Molecular dynamics simulations on the effect of solvent and supersaturation on the aggregation behaviour in carbamazepine

Abstract

Polymorphism in carbamazepine is a well-known phenomenon that can occur due to different factors, such as solvent, supersaturation, temperature and external surface. We report molecular dynamics simulation studies on the effect of supersaturation and solvent on the formation of different types of carbamazepine (CBZ) dimers as a function of supersaturation in different solvents. The understanding of the factors that affect the formation of different types of CBZ dimers in solution could help to gain insight into factors that control the nucleation of different polymorphs of carbamazepine in solvent-dependent crystallization.

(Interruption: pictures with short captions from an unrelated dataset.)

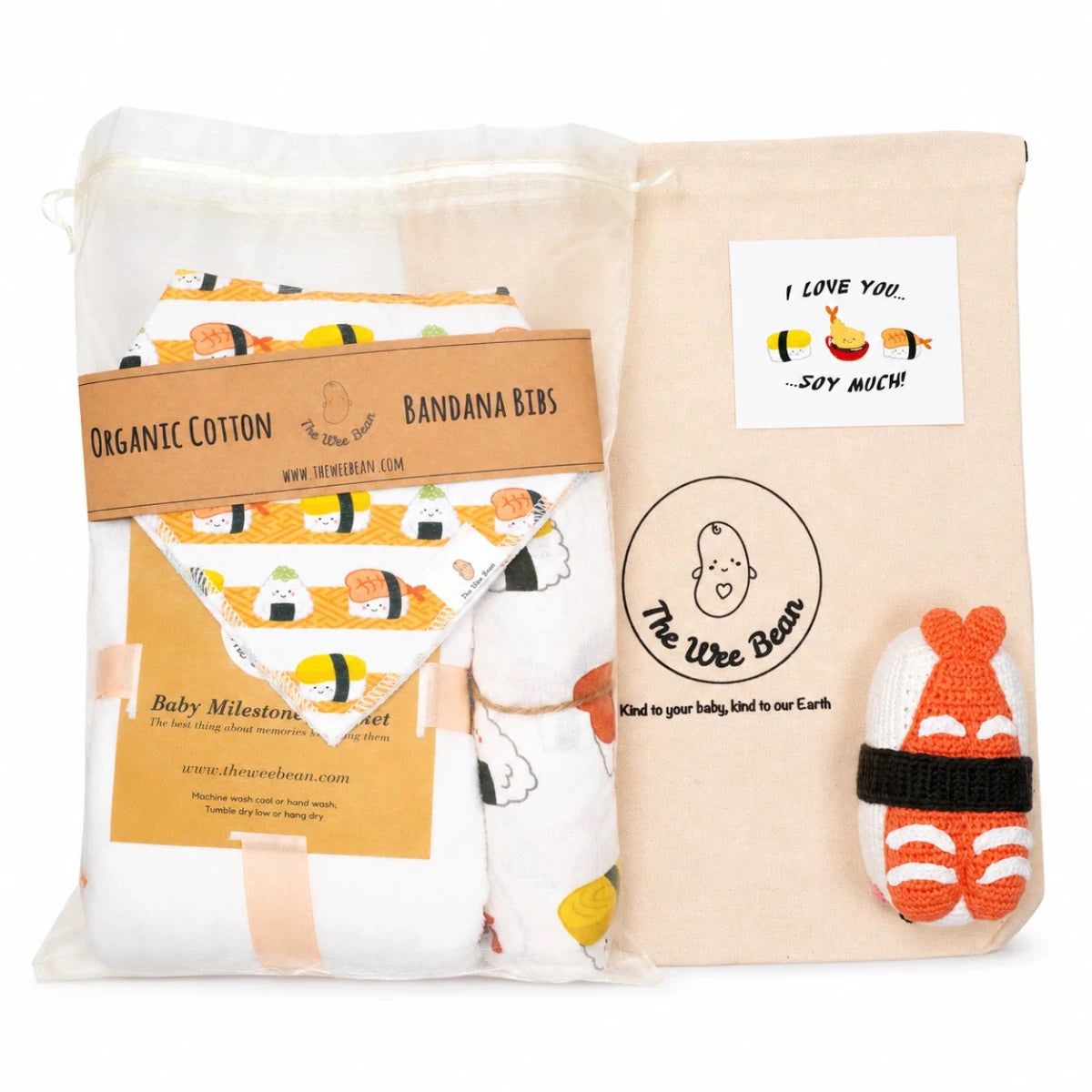 the wee bean organic and sustainable baby gift set with blankets bibs swaddle and rattle doll in taste of japan sushi tempura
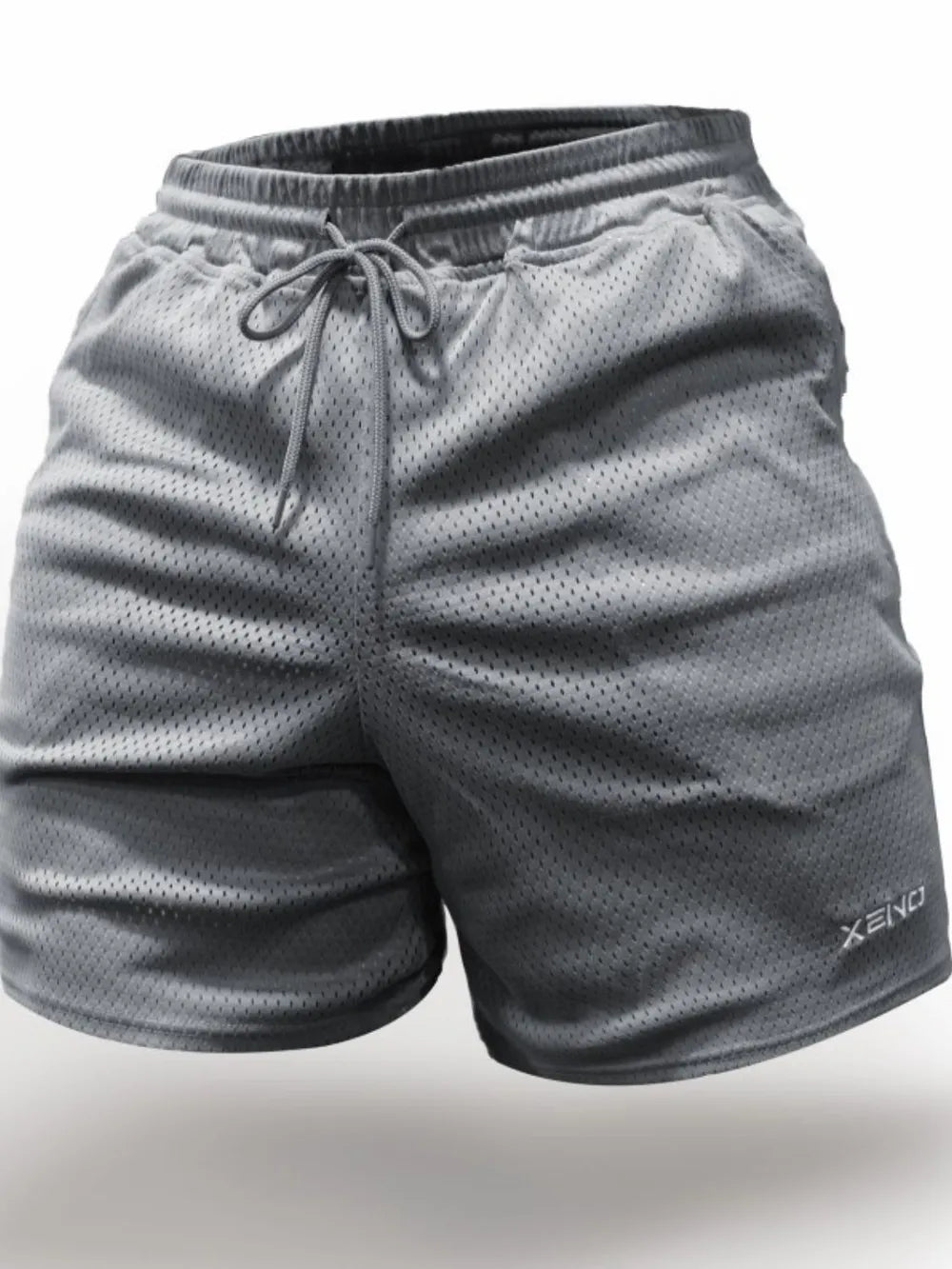 Gray performance mesh drawstring shorts with logo detail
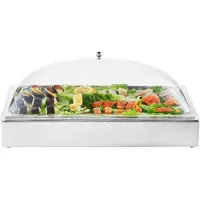 Vevor Bordplade til madservering, 1 x 1 pande i rustfrit stål, serveringsbakke til buffetkrydderidispenser med klart buet låg og 3 isbakker, til restaurant, hotel, fest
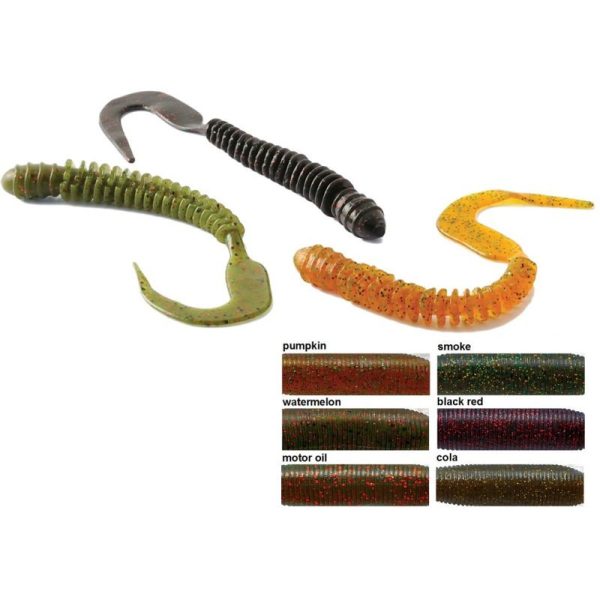 Rapture W. Ribbed Curly Tail 10cm Black&Red Soft rubber bait 10pcs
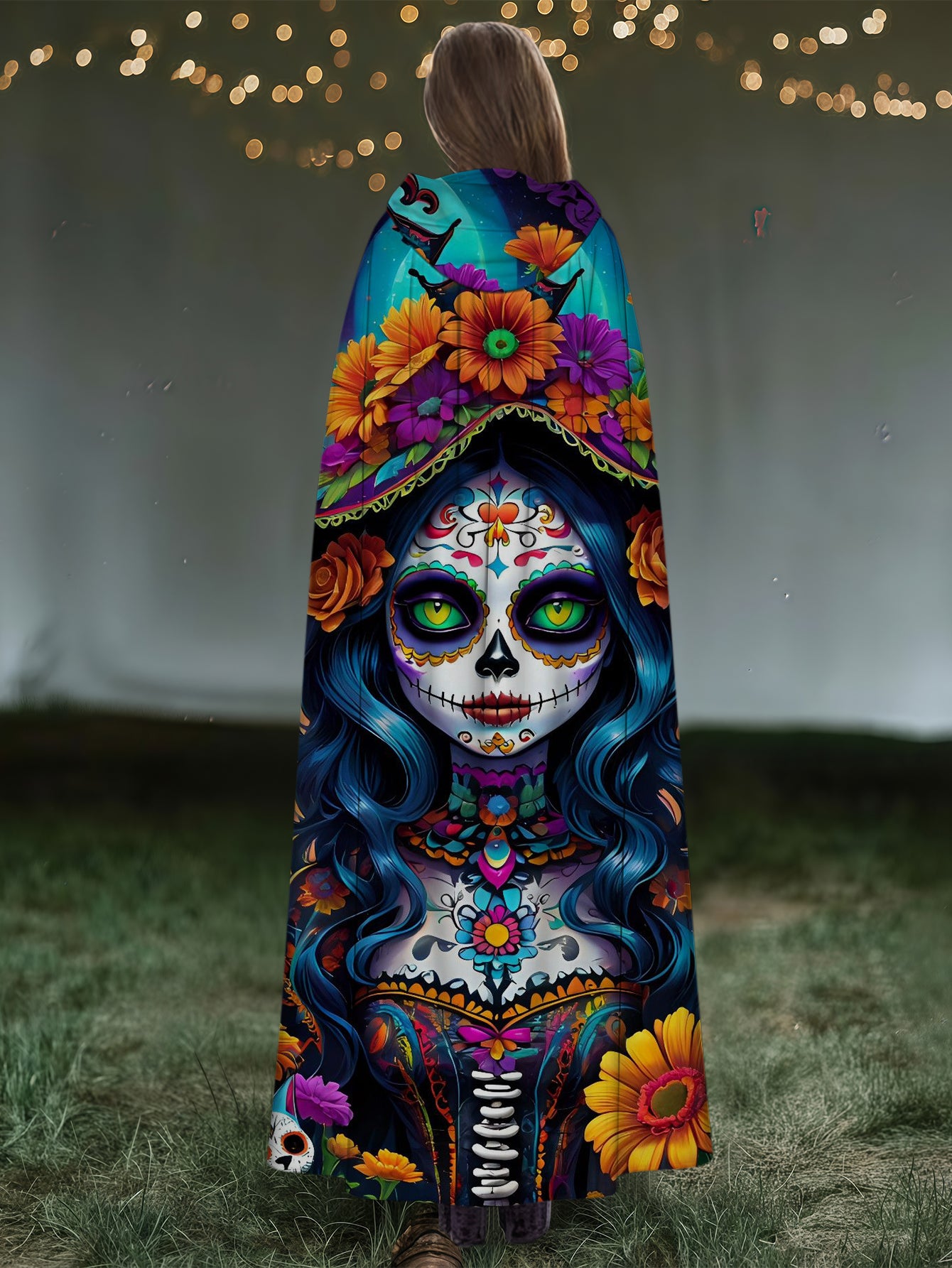 Fun Skull Girl Print Hooded Cape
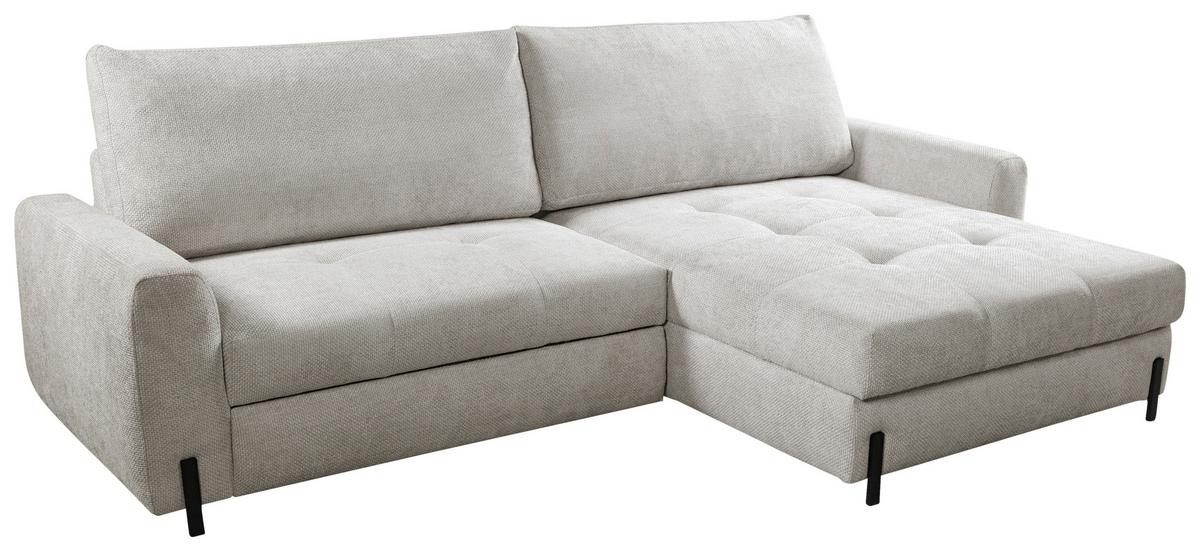 Ecksofa Naomi Beige/Schwarz, 265 cm - Beige/Schwarz, Design, Textil (265/162cm) - MID.YOU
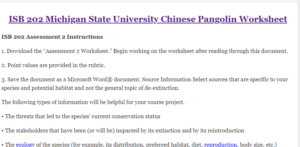 ISB 202 Michigan State University Chinese Pangolin Worksheet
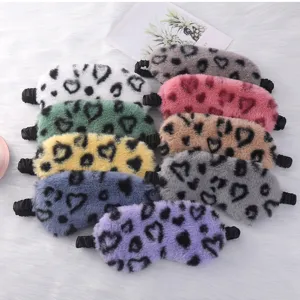 Mascherina da notte in peluche morbido motivo leopardo cuore pelliccia per sonno ideale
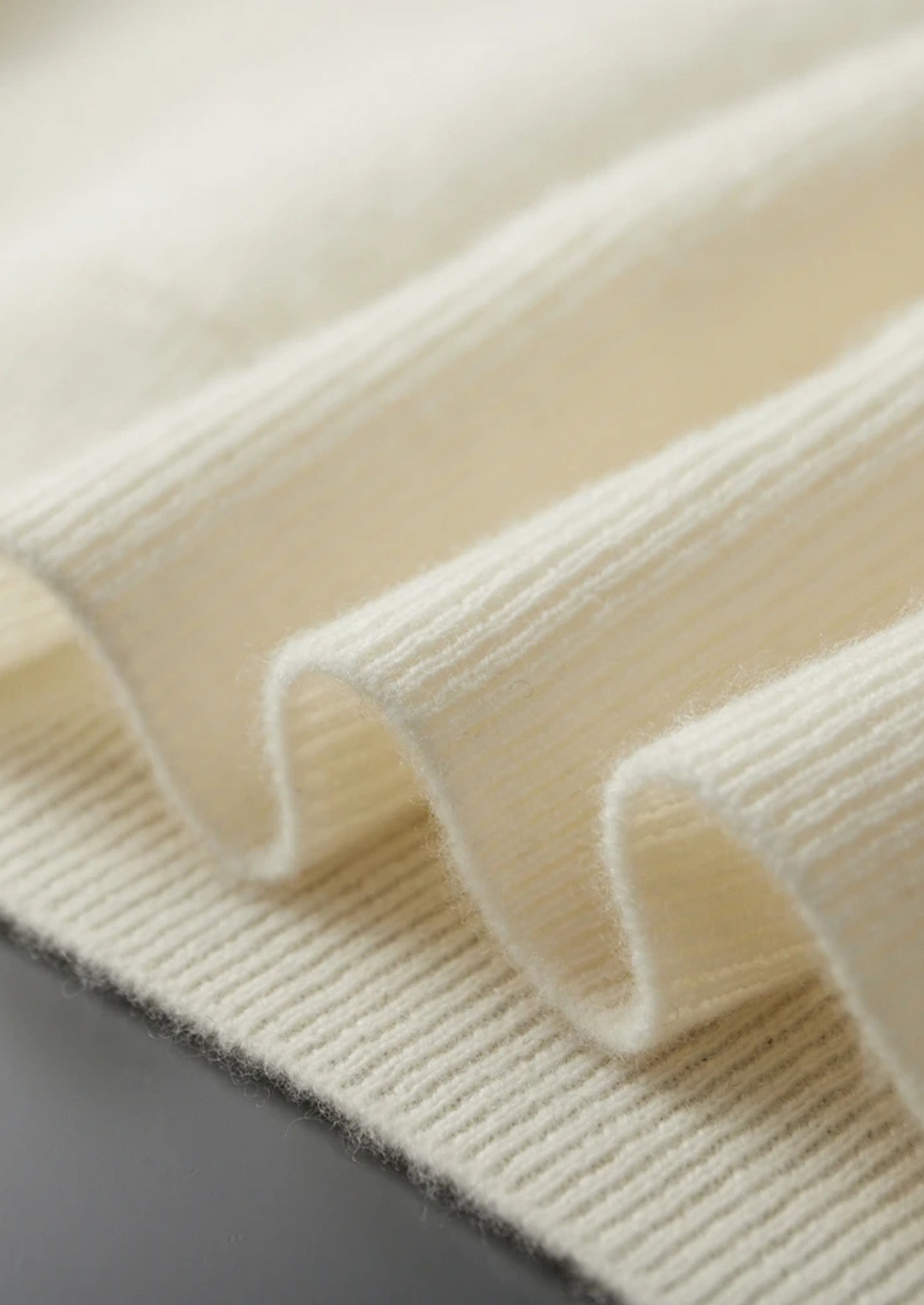 Cashmere Ribbed Half-Zip Sweater ivory image 6 #color_ivory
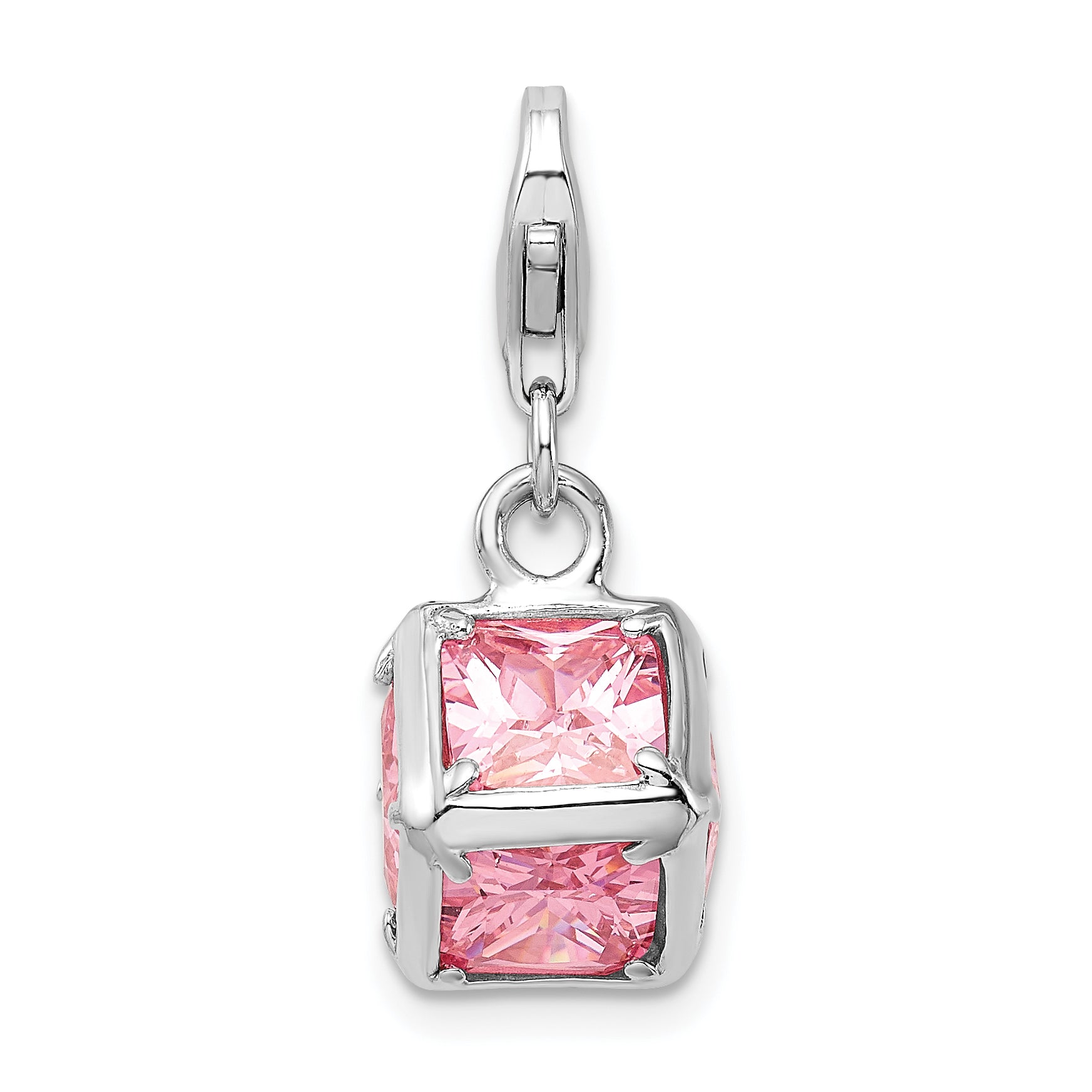 Amore La Vita Sterling Silver Rhodium-plated Polished 3-D Pink CZ Cube Charm with Fancy Lobster Clasp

We propose that the presence of different types of CBZ dimers (FI-type, FII-type and FIII-type) with different angles between the 6-membered aromatic rings of different CBZ molecules act as growth synthons for different CBZ polymorphs in solution. The simulation results show that there are four types of species depending on hydrogen bonding in the CBZ clusters – single hydrogen bond (HB), HB dimer, HB trimer and HB tetramer, based on the strength of the solvent–solvent and solvent–CBZ interactions. The HB dimers in the CBZ molecules lead to overlap between the 6-membered rings of CBZ and thus, the formation of FIII-type CBZ dimers in all the supersaturations in acetone and in the high supersaturation system in ethyl lactate. In the presence of a single HB and depending on the strength of the solvent–CBZ interactions there are two possibilities – FII-type CBZ dimers in solvents like ethanol and anisole that have similar CBZ–CBZ and solvent–CBZ interactions or FI-type CBZ dimers in N,N-dimethylformamide if the solvent–CBZ interactions are strong. Solvent–solvent interactions mainly govern the dynamics of the CBZ molecules and CBZ–solvent interactions play an important role in the size of the CBZ clusters.